# [RECORDS FOR THIS TASK]
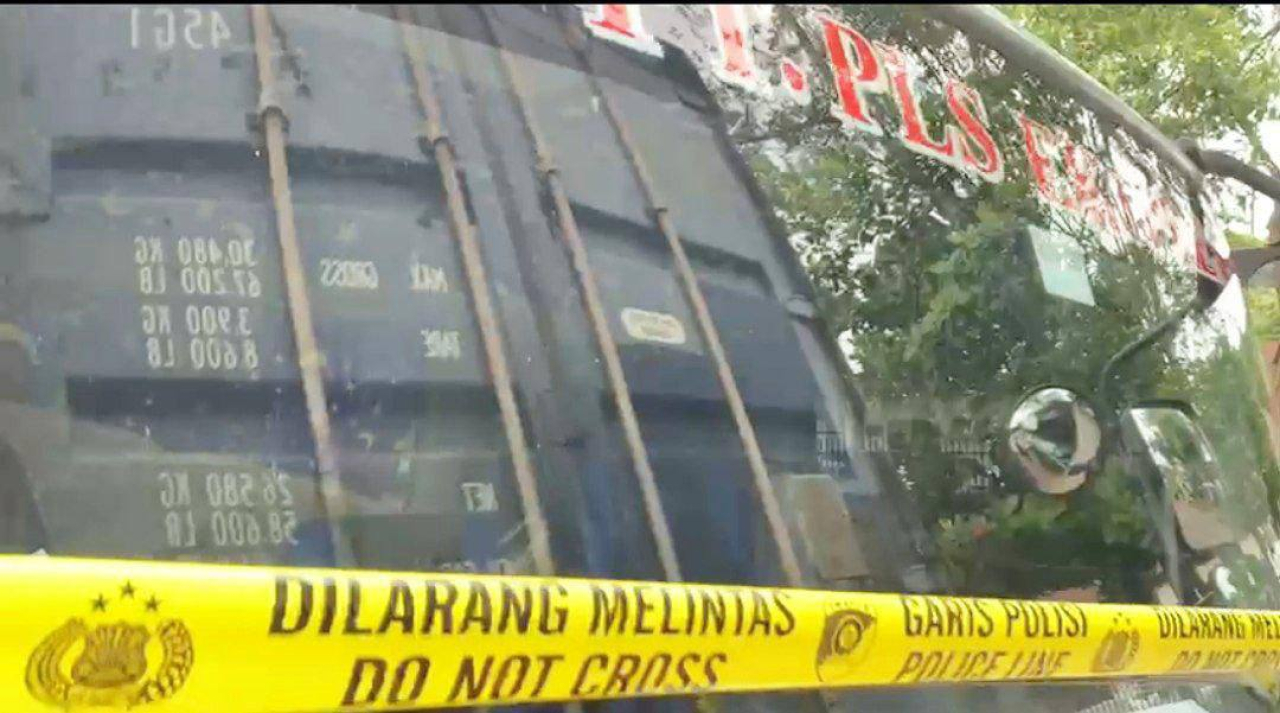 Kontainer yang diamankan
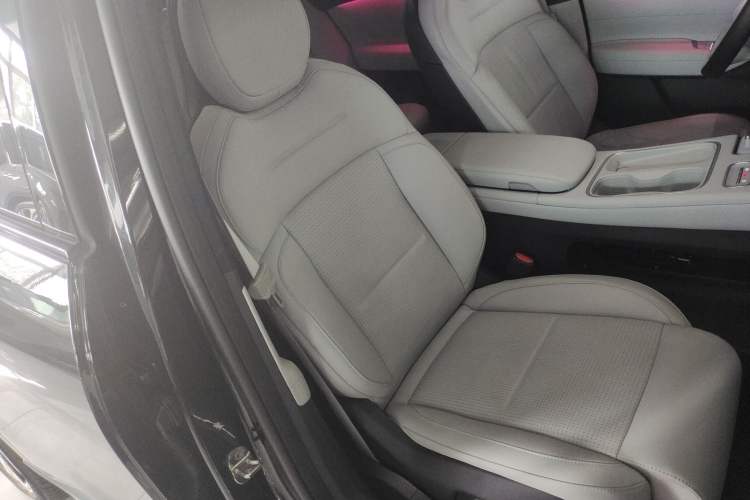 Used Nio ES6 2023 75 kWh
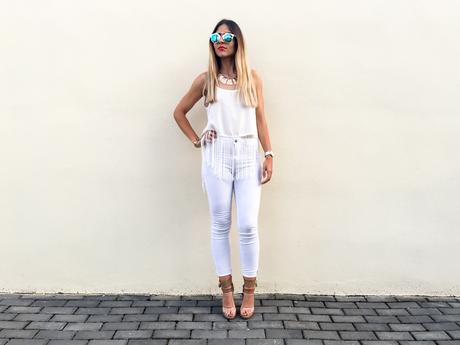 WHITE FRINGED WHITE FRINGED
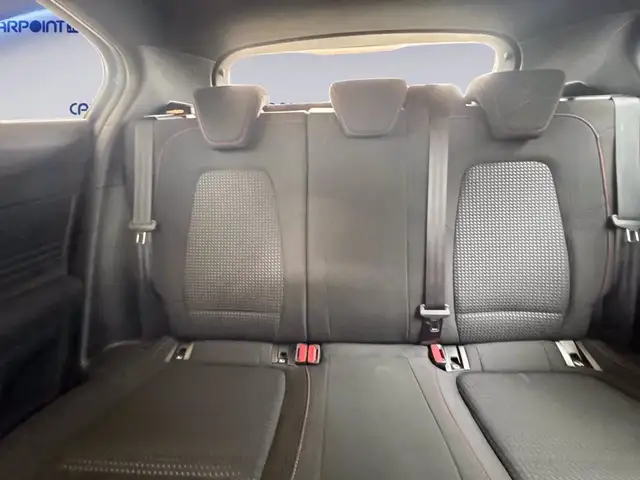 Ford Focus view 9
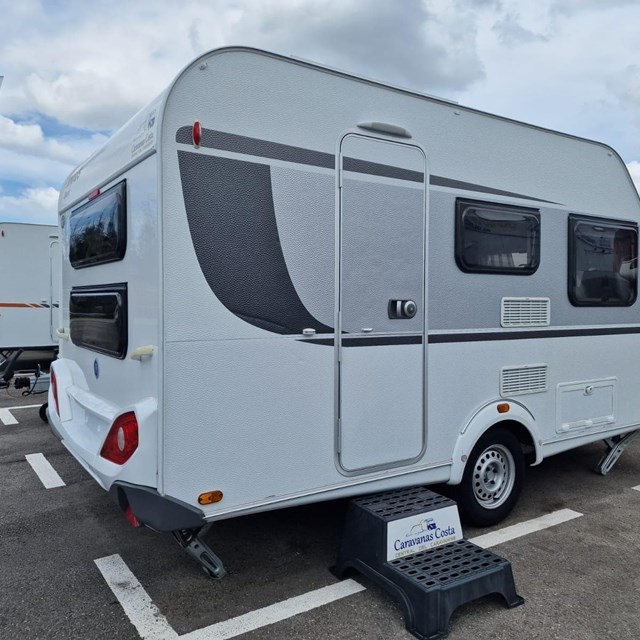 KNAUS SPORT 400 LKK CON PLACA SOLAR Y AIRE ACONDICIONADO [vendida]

# [YOUR OBJECTIVE]
The exact lines from the one containing "Used Nio ES6 2023 75 kWh" through the end of the data are to be copied, with both ends kept and pictures left out.

# [SOLUTION FOR THIS EXERCISE]
 Used Nio ES6 2023 75 kWh
 WHITE FRINGED WHITE FRINGED
 Ford Focus view 9
 KNAUS SPORT 400 LKK CON PLACA SOLAR Y AIRE ACONDICIONADO [vendida]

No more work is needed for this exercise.